§ TASK STATEMENT:
Starting at the top of the records below and ending with the line that contains "Game Theory and", print each line exactly as written, skipping the pictures.

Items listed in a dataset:
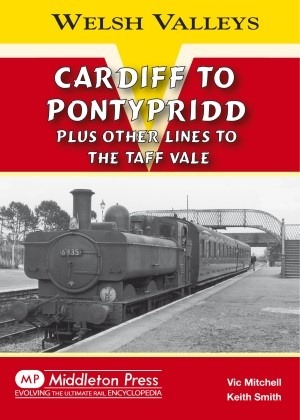 Welsh Valleys Cardiff - to Pontypridd plus other lines to the Taff Vale by Vic Mitchell & Keith Smith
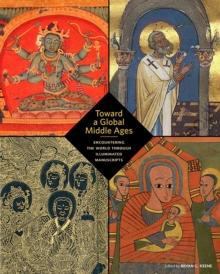 Toward a Global Middle Ages - Encountering the World through Illuminated Manuscripts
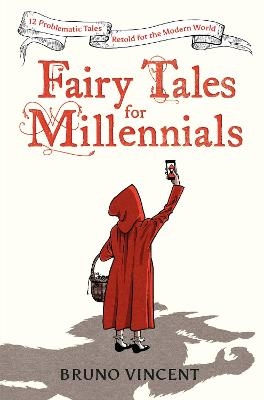 Fairy Tales for Millennials - Bruno Vincent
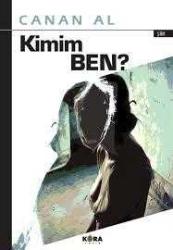 Kimim Ben - Canan Al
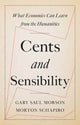 Book cover of: Cents and Sensibility. By: Gary Saul Morson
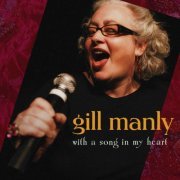 Gill Manly - With a Song in My Heart (2009) [Hi-Res]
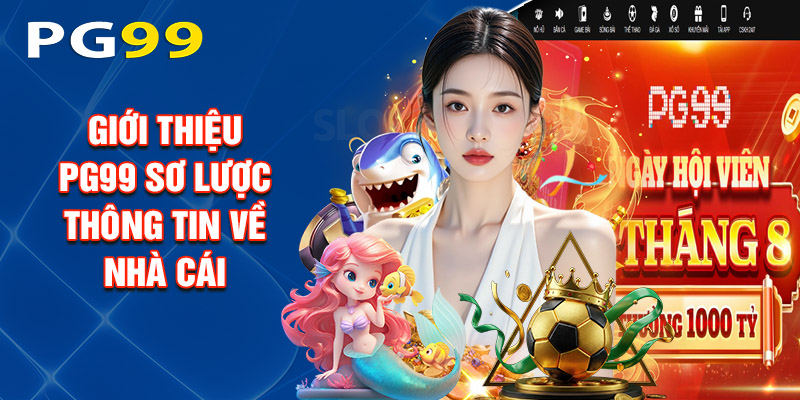 Giới Thiệu PG99 – Sơ Lược Thông Tin Về Nhà Cái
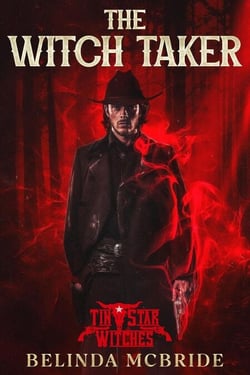 The Witch Taker - Tin Star Witches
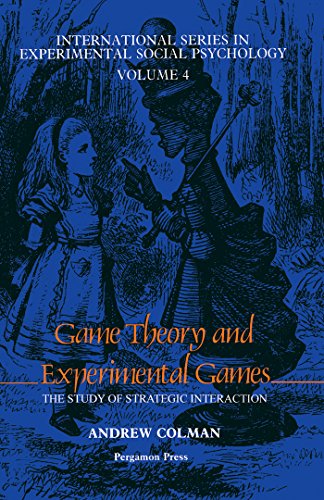 Game Theory and Experimental Games: The Study of Strategic Interaction (International series in experimental social psychology)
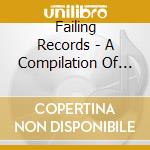 Failing Records - A Compilation Of Portland Music Volume 2 cd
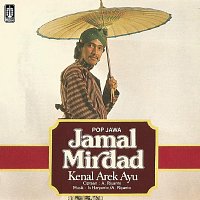 Jamal Mirdad – Pop Jawa Kenal Arek Ayu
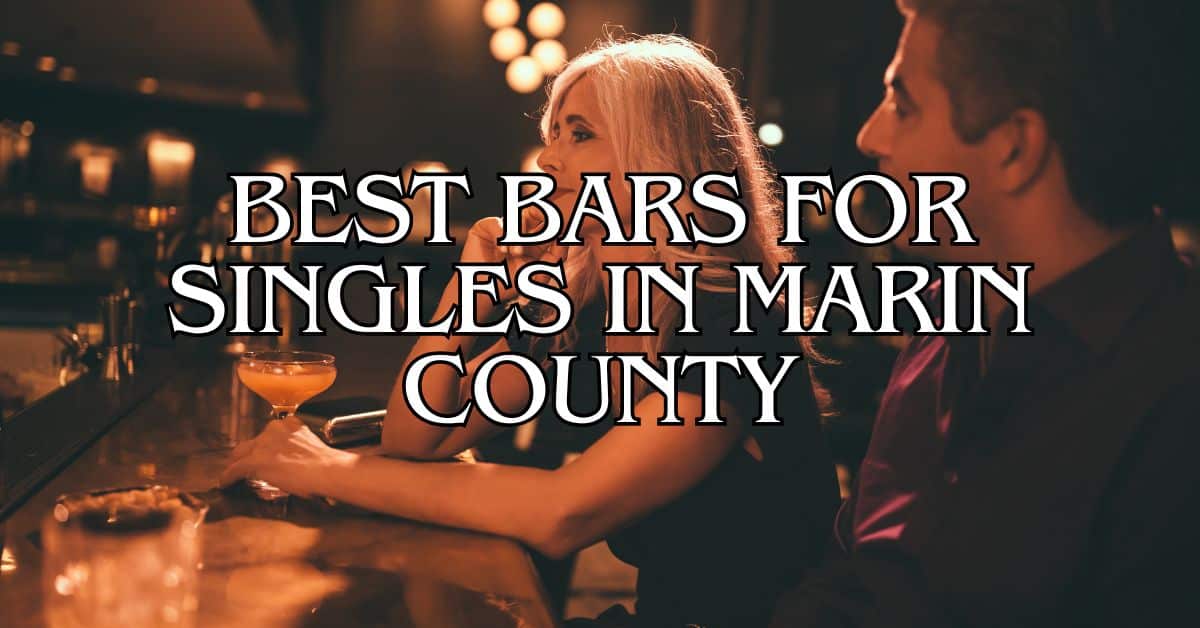 Best Bars for Singles in Marin County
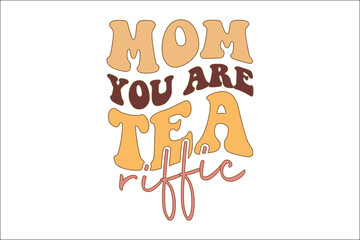 mom you are tea riffic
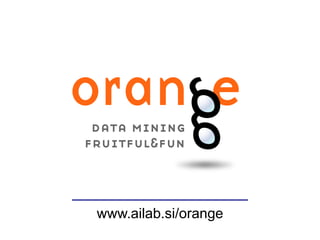 www.ailab.si/orange
 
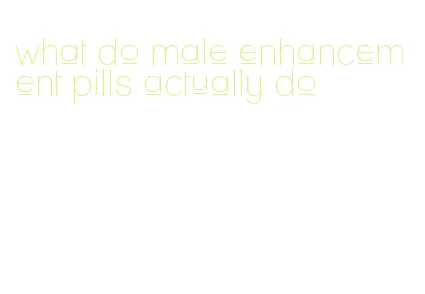 what do male enhancement pills actually do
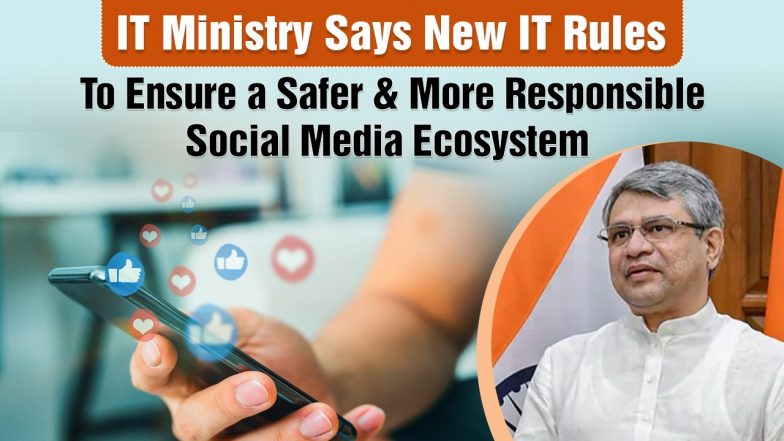 IT Ministry Says New IT Rules To Ensure A Safer & More Responsible Social Media Ecosystem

§ WRITTEN SOLUTION:
 Welsh Valleys Cardiff - to Pontypridd plus other lines to the Taff Vale by Vic Mitchell & Keith Smith
 Toward a Global Middle Ages - Encountering the World through Illuminated Manuscripts
 Fairy Tales for Millennials - Bruno Vincent
 Kimim Ben - Canan Al
 Book cover of: Cents and Sensibility. By: Gary Saul Morson
 Gill Manly - With a Song in My Heart (2009) [Hi-Res]
 Giới Thiệu PG99 – Sơ Lược Thông Tin Về Nhà Cái
 The Witch Taker - Tin Star Witches
 Game Theory and Experimental Games: The Study of Strategic Interaction (International series in experimental social psychology)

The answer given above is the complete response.